Call me crazy. Go ahead. You won’t be the first!
We had a client call us to ask if we do custom work on anything. Of course, I said, “Sure we do! Send me a pic!”
We agreed we could give this kitchen cupboard some love.
She and her hubby brought it over a couple of days later. I told her we would get to it as soon as we came back from summer vacation.
dirt and grime – yuck!
Wow. What did we get ourselves into!!
This vintage kitchen cupboard was her grandmother’s. She remembers it as a child in her grandmother’s home. So when she remembered that it was tucked away in a barn, she thought about having it restored.
I know what you must be thinking:
Yuck!! Look at those warped shelves! And those corners filled with who knows what! And omgoodness, that hardware is so rusted!
Are you crazy Cindy????
Maybe just a bit. I remember as a child, I visited my best friend and we spent our time scrubbing the burnt-on stains on her mom’s stainless steel pots and pans. Weirdly satisfying!

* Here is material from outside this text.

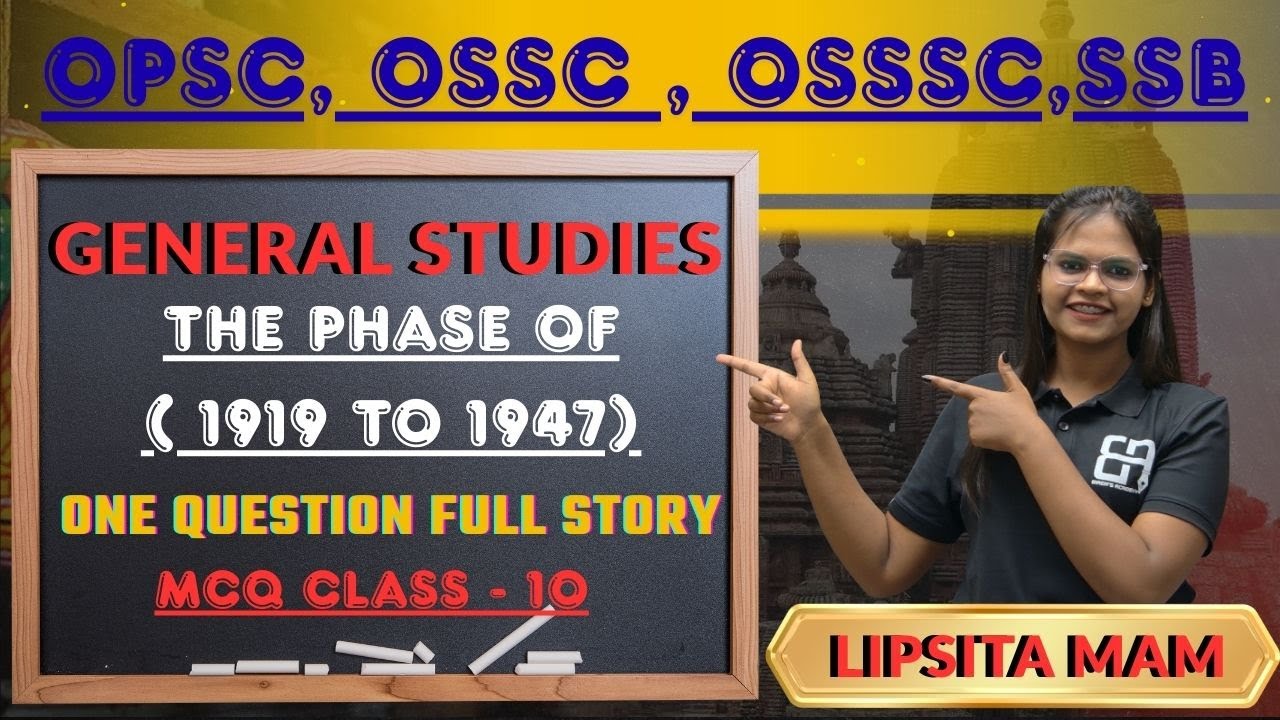 Phase of Indian National Movement (1920–1947) | History MCQs | By Lipsita Mam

Enough of that, let’s get to work!
The first step was to remove the back board. Or maybe I should say, thick cardboard. It was not the best quality of wood and was very flimsy. Our client wanted it replaced with bead board.
let’s get to work!
Often, I start a project with sanding using my DeWalt Orbital Sander. It really gives me an opportunity to give the piece a good once over. I physically touch every part of the piece, checking for needed repairs as I go.
I love that I get to work outside on gorgeous days like this!
Let’s talk about those warped boards and loose shelving supports! Woohoo, now we are havin’ fun!
repairing warped shelves
The top was very warped. I mean, it was saaaaagging!! We all sag a bit as we age and this little lady is quite possibly close to 90 years old!
Wood screws, wood glue and clamps help to straighten this board. I also added some wood peices at the very top to pull some of the warp out. Unfortunately, I didn’t get pictures. I will show pictures of the finished repair in the next post so you can see better how I repaired the warp completely.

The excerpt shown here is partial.